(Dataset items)
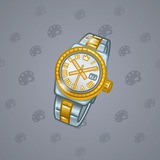 Swiss Watch #6166 Swiss Watch #6166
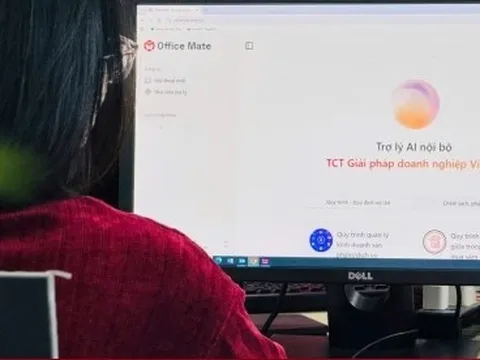 Chiến lược AI và hướng đi khác biệt của một doanh nghiệp Việt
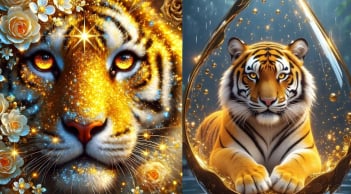 Người tươi thì đời vui, 3 tuổi luôn biết tìm niềm vui nên vận xui ngày càng tránh xa, giàu sang ùa tới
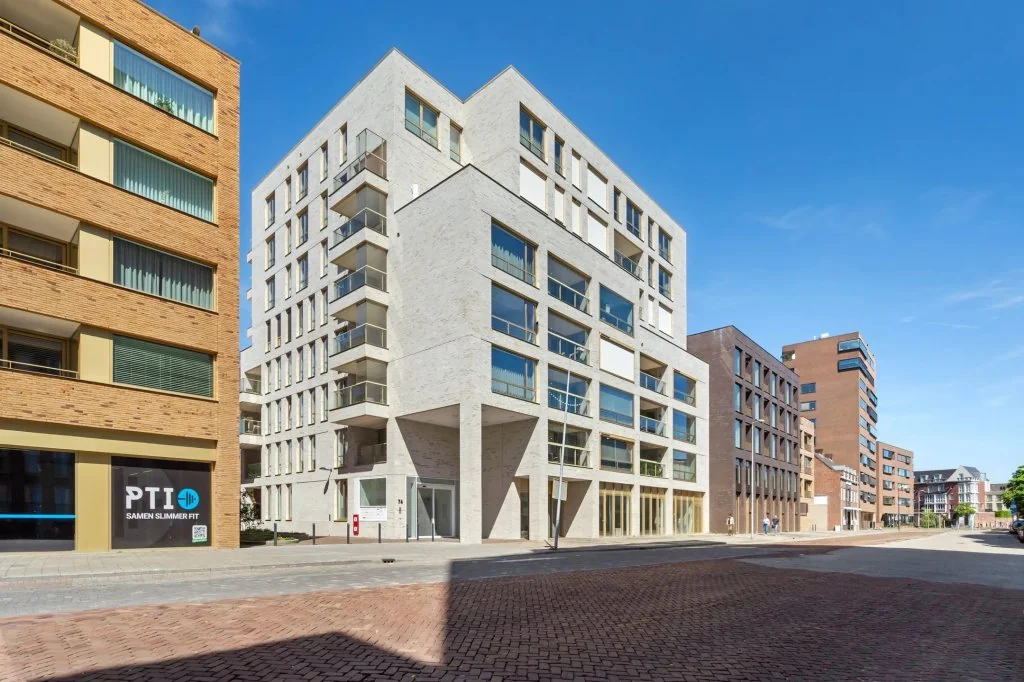 Foto van de Appartement gelegen aan de Markendaalseweg in Breda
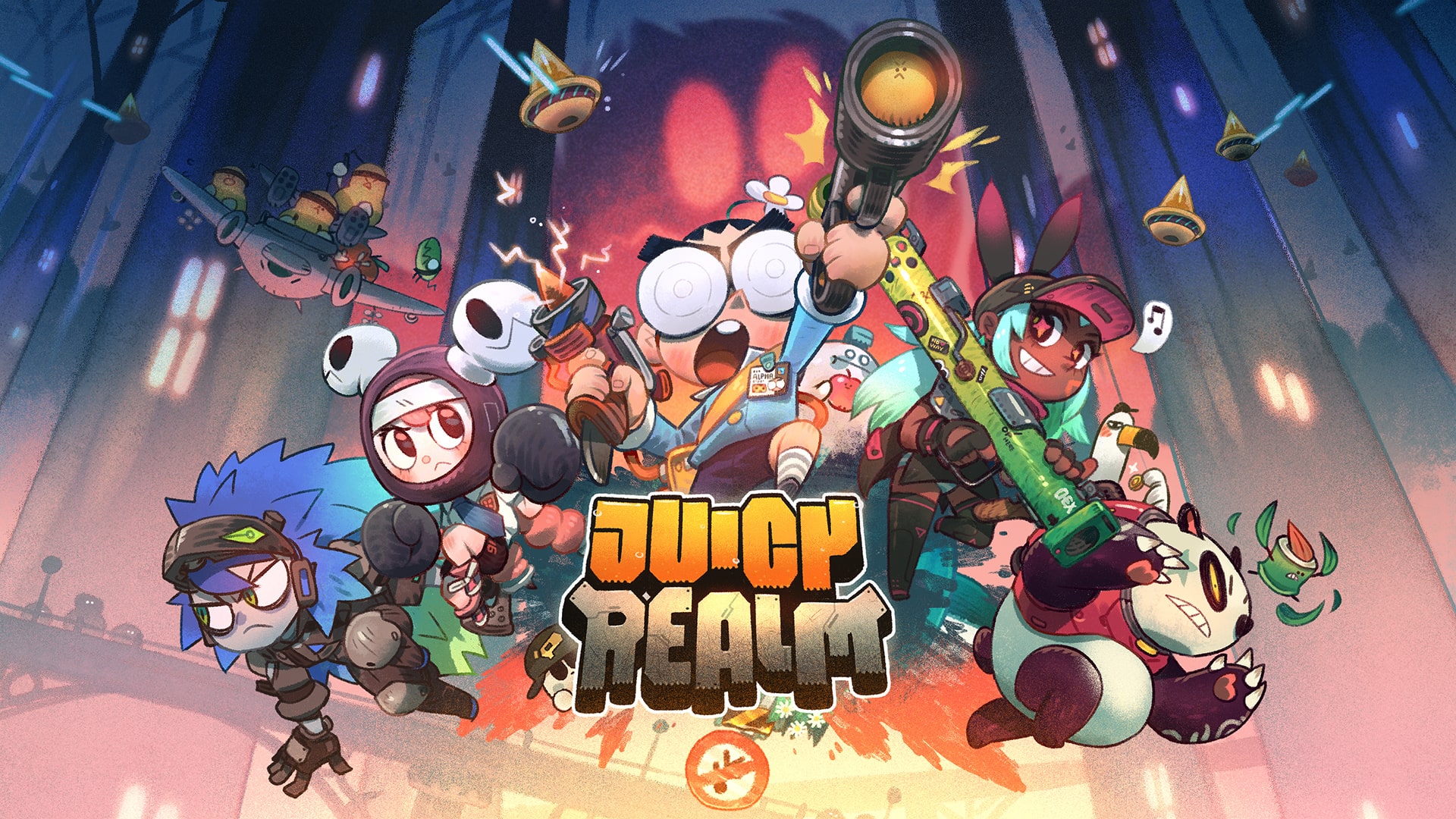 Juicy-Realm
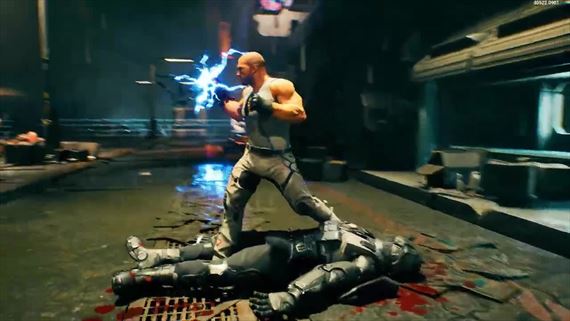 Krvavá akcia Kiborg predviedla hrateľnosť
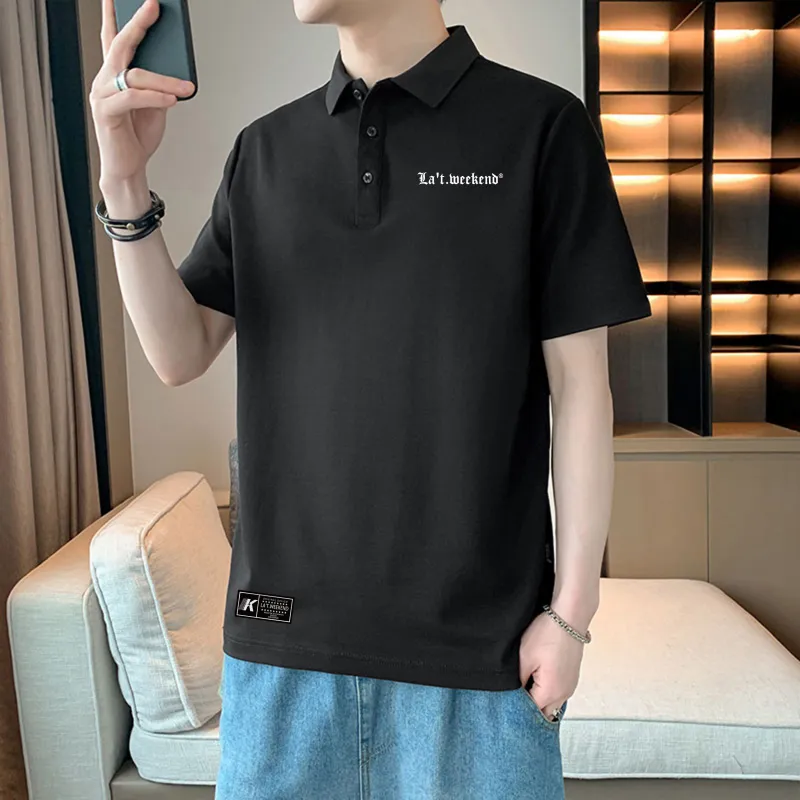 LA'T.WEEKEND Polo Shirts Unisex-6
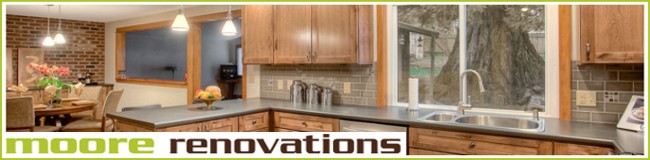 Moore Renovations | Kitchen & Bath | Painting | Renovation | Remodels | Seattle WA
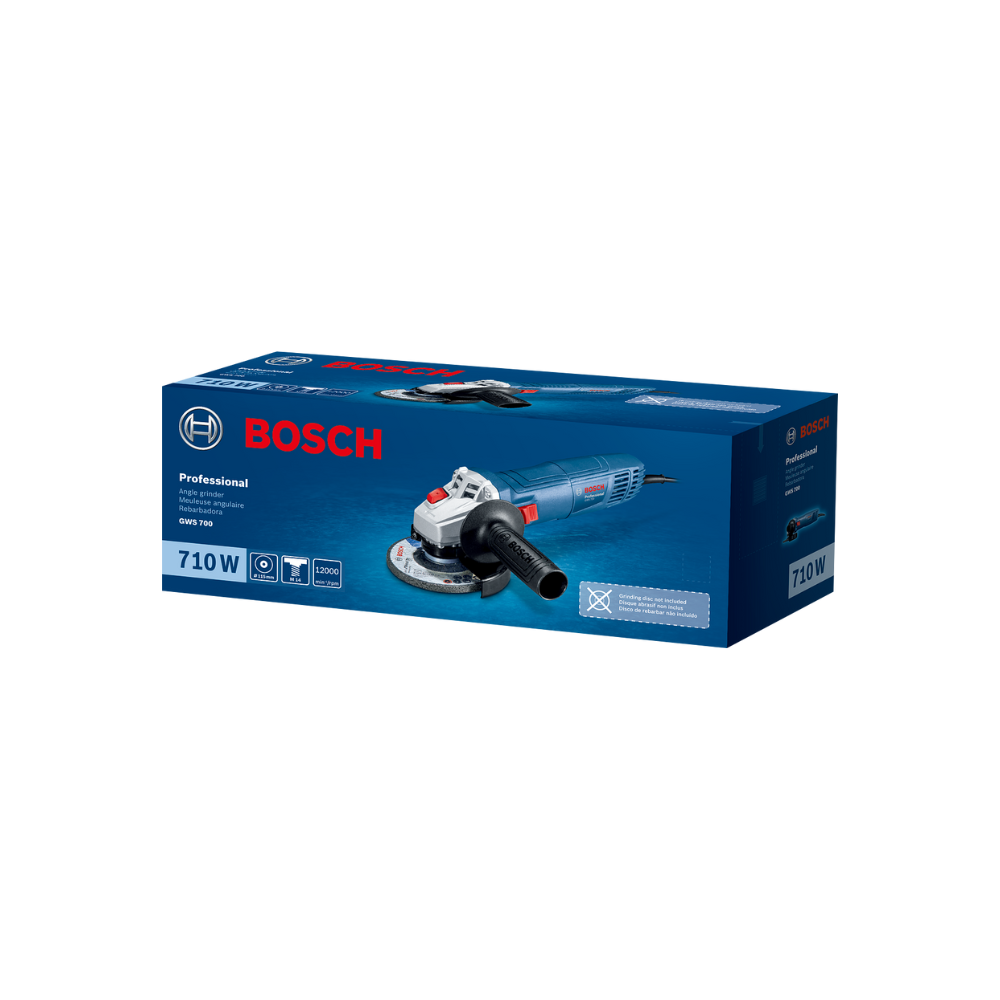 Máy mài góc GWS 700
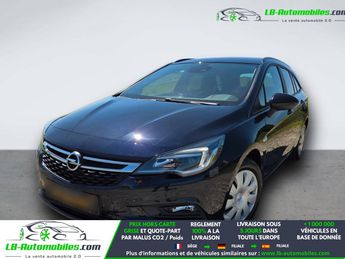  Voir d&eacute;tails -Opel Astra 1.4 Turbo 150 ch BVA &agrave; Beaupuy (31)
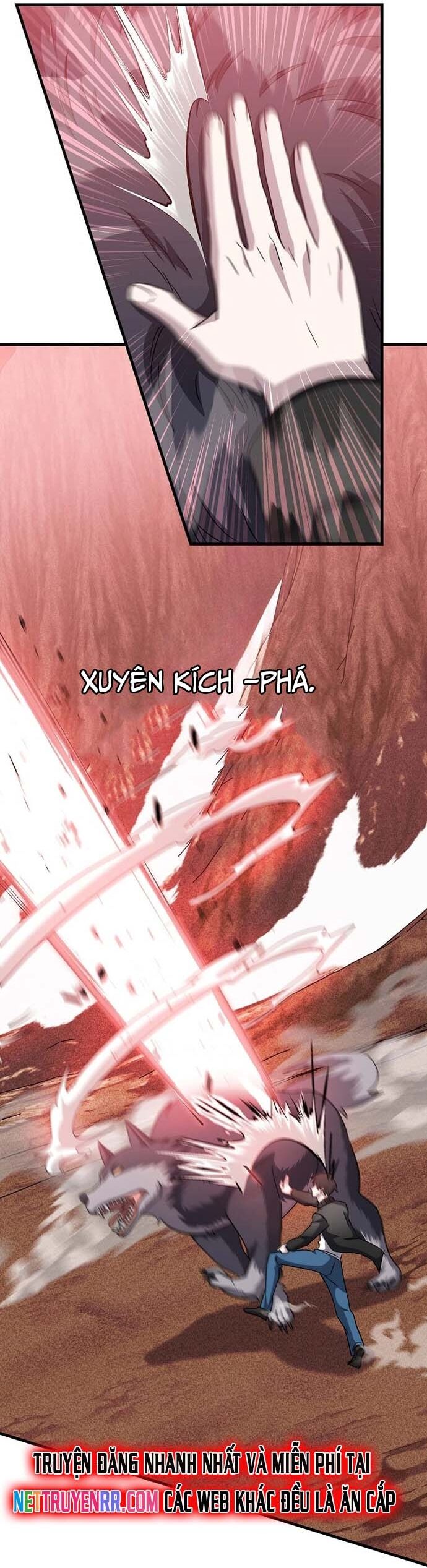 Võ Thần Thăng Cấp - Chapter 9 - Page 53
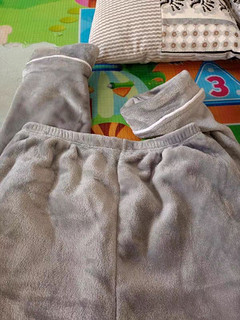 南极人睡衣男士秋冬季珊瑚绒加绒加厚长袖长裤家居服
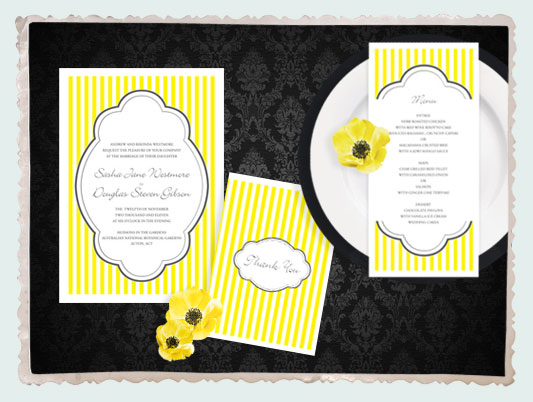 Printable DIY Wedding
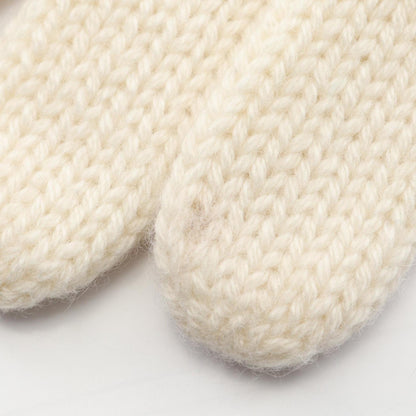 Chanel Coco Mark Cashmere Gloves For Women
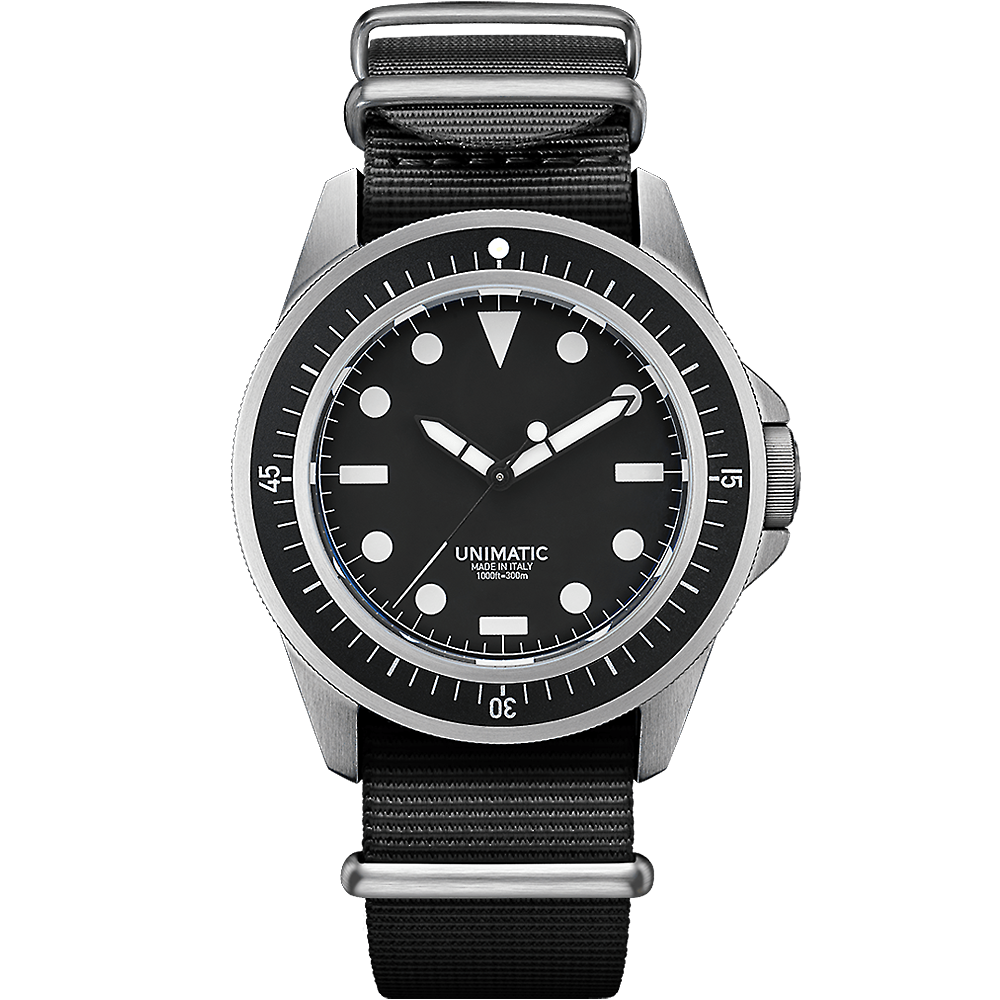 Unimatic Watch U1-F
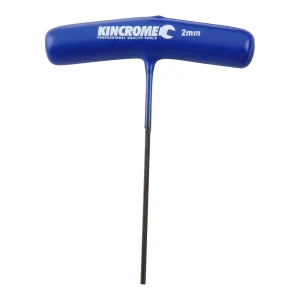 K5081-1 T-Handle Hex Key 2mm Metric Kincrome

REQUIRED ACTION =>
Output only the lines above from the line that holds "Foto van de" through the line that holds "Printable DIY Wedding", both ends included, and exclude pictures.

OUTPUT FOR THIS EXERCISE =>
 Foto van de Appartement gelegen aan de Markendaalseweg in Breda
 Juicy-Realm
 Krvavá akcia Kiborg predviedla hrateľnosť
 LA'T.WEEKEND Polo Shirts Unisex-6
 Moore Renovations | Kitchen & Bath | Painting | Renovation | Remodels | Seattle WA
 Máy mài góc GWS 700
  Voir d&eacute;tails -Opel Astra 1.4 Turbo 150 ch BVA &agrave; Beaupuy (31)
 Võ Thần Thăng Cấp - Chapter 9 - Page 53
 南极人睡衣男士秋冬季珊瑚绒加绒加厚长袖长裤家居服
 Printable DIY Wedding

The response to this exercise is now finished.